### Data excerpts
+-------+
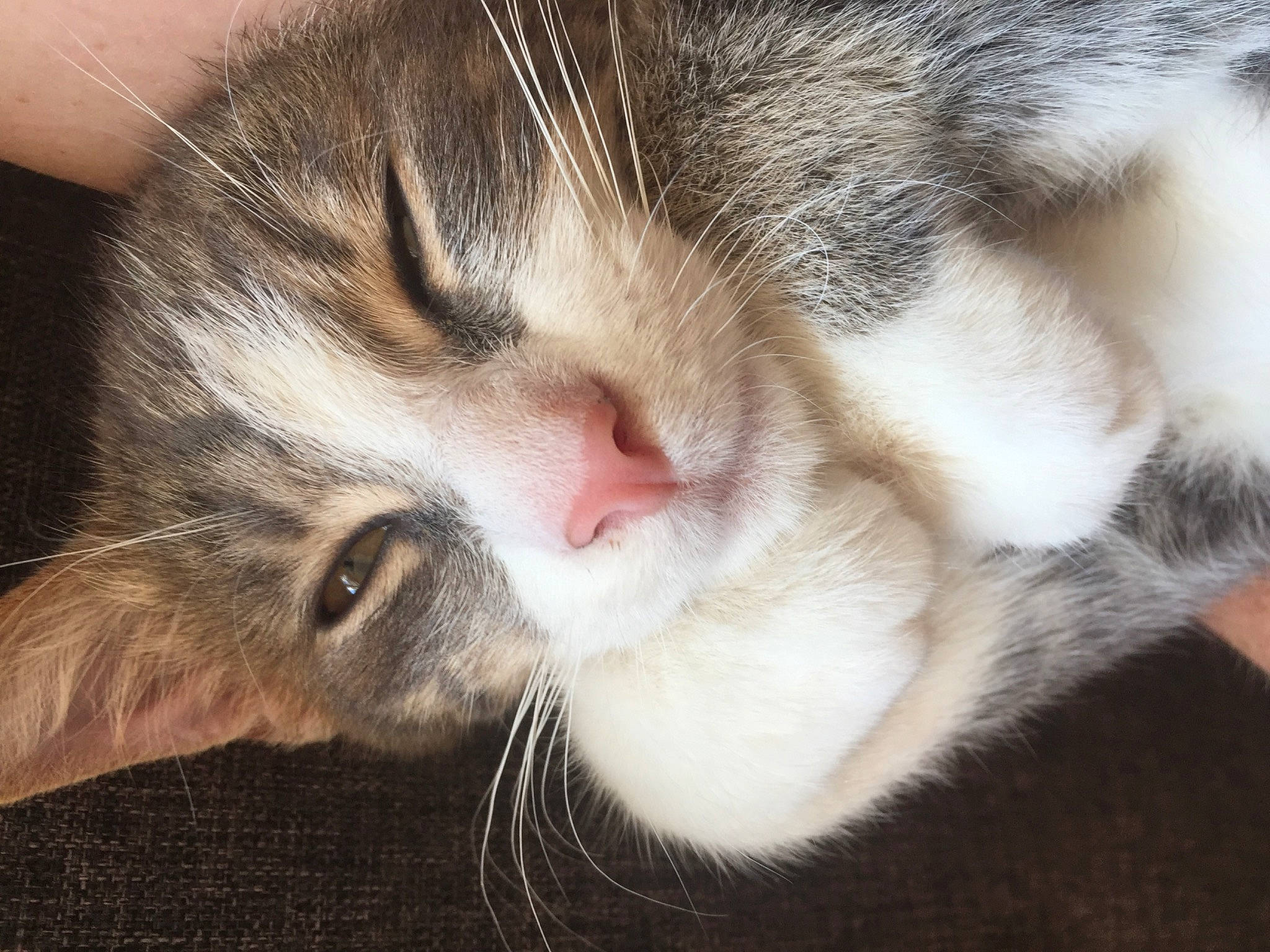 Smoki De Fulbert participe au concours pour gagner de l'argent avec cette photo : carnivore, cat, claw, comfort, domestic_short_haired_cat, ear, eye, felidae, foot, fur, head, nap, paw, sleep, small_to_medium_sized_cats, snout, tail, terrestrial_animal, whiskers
+-------+
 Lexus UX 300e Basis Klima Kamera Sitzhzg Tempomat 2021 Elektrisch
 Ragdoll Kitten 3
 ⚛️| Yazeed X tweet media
+-------+
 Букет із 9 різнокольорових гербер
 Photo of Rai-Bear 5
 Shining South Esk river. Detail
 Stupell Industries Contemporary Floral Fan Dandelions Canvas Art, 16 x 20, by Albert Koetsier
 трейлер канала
+-------+
### Exercise goal
Using the entries above, give back exactly the line containing "Lexus UX 300e", the line containing "X tweet media", and every line between them, and nothing else.

### Task answer
 Lexus UX 300e Basis Klima Kamera Sitzhzg Tempomat 2021 Elektrisch
 Ragdoll Kitten 3
 ⚛️| Yazeed X tweet media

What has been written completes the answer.